Wir sind Weltmeister!

Erlebnisse einer TA (85)

Annette Tietz


Editorial

Die TA

Nun ist sie schon eine Weile zu Ende, die Fußball-WM. Leider! Was fieberten wir mit, standen morgens verschlafen im Labor und diskutierten trotzdem möglichst fachmännisch über die Spiele. Schließlich waren wir DER entscheidende 12. Mann... Was, die WM hat bei Ihnen keine Spuren hinterlassen? Dann machen Sie mal den Test...
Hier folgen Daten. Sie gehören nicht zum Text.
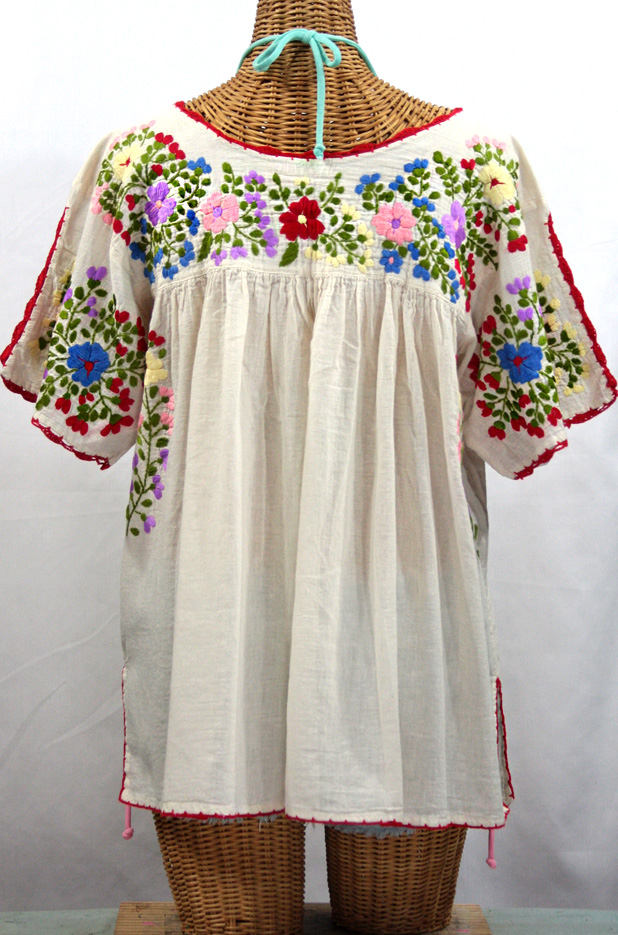 "Lijera Libre" Plus Size Embroidered Mexican Peasant Top -Off White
Sie kommen noch immer im Deutschland-Trikot ins Labor und wundern sich warum der „Kittel“ so kurz ist.

Auf die Frage des Chefs, wie denn der heutige Versuch ausgefallen sei, antworten Sie: „Der geht noch in die Verlängerung.“ Und klatschen dabei die Hand ihres Chefs ab.

Sie haben den Farbcode Ihrer Beschriftungen geändert und schreiben nur noch in Schwarz, Rot oder Gelb.

Als ein Deckel Ihres Reaktionsgefäßes auf den Boden fällt, kicken Sie ihn in den Mülleimer (den sie vorsorglich schon mal umgelegt hatten) und schreien „TOR“. Nur leider ist keine Kollege zum Umarmen da...

Editorial

Ihre Ambitionen, nach dem Vortrag eine La Ola-Welle zu starten, stößt lediglich bei Ihrem Praktikanten auf Gegenliebe, der ebenfalls im Deutschland-Trikot dasitzt und anfängt, „Football‘s coming home“ zu singen.

Fußbälle im Faxgerät

Sie pusten bei jedem positiven Klon, den sie mittels PCR detektiert haben, in Ihre Tröte und wundern sich, warum Sie momentan so wenig Kollegen um sich herum haben.

Auf die Frage Ihres Kollegen, ob Sie für ihn ein paar Proben mittesten könnten, antworten Sie: „Klar, Teamgeist ist wichtig für den Erfolg.“

Bewunderung ernten Sie dagegen für Ihre eigens eingerichtete Cocktail-Bar im Brasilien-Look, durch die der Kaffeeraum ein typisch südamerikanisches Flair genießt.

Sie versuchen der Sekretärin glaubhaft zu versichern, dass die von Ihnen angebrachten Aufkleber auf der Bestellung echt fest geklebt haben – und Sie daher keine Schuld trifft, dass nun schwarz-rot-gelbe Fußbälle das Innenleben des Faxgerätes schmücken.

Sie wundern sich immer noch, warum nach dem phänomenalen Western Blot, den Sie minutenlang in Siegerpose nach oben halten, kein Goldregen aus der Notdusche rieselt – und beschließen, den Vorgang im nächsten Labor erneut zu zelebrieren.

Ihr Freudentänzchen, welches Sie nach erfolgreicher Sichtung sämtlicher Zellkulturplatten aufführen, stößt mal wieder nur bei Ihrem Praktikanten auf Gegenliebe. Der beschließt, für heute Abend noch ein paar Kumpels in die Kaffeeraum-Cocktail-Bar einzuladen, und geht schon mal den Chef fragen, ob der lieber einen Caipi oder einen Long Island Ice Tea möchte.

Sie erkennen sich in der einen oder anderen Situation wieder? Dann sollten Sie Folgendes tun: Setzen Sie sich ganz ruhig vor Ihren Rechner und lesen Sie mal die Schlagzeilen der letzten Wochen durch. Auch wenn Sie es noch nicht wahrhaben wollen: Die Fußball-WM ist tatsächlich zu Ende. Alle außer Ihnen (und Ihrer Praktikanten-Sportskanone) haben es bereits akzeptiert. Nun holen Sie sich das letzte Mal einen Caipi aus dem Kaffeeraum, schmücken diesen mit einem Fähnchen (die stehen im Seminarraum auf dem Tisch), machen noch einmal Ihr Freudentänzchen und werfen etwas Konfetti (aus dem Locher) in die Luft.

Danach legen Sie Ihr Deutschland-Trikot in den Schrank, die Tröte daneben – und gehen dann zu Ihrem Chef, klatschen ihn ab und sagen: „Hey Chef, in zwei Jahren auf ein Neues!“ Da schlägt dann sogar Ihr Chef ein und genehmigt sich zur Feier des Tages auch ein Schlückchen!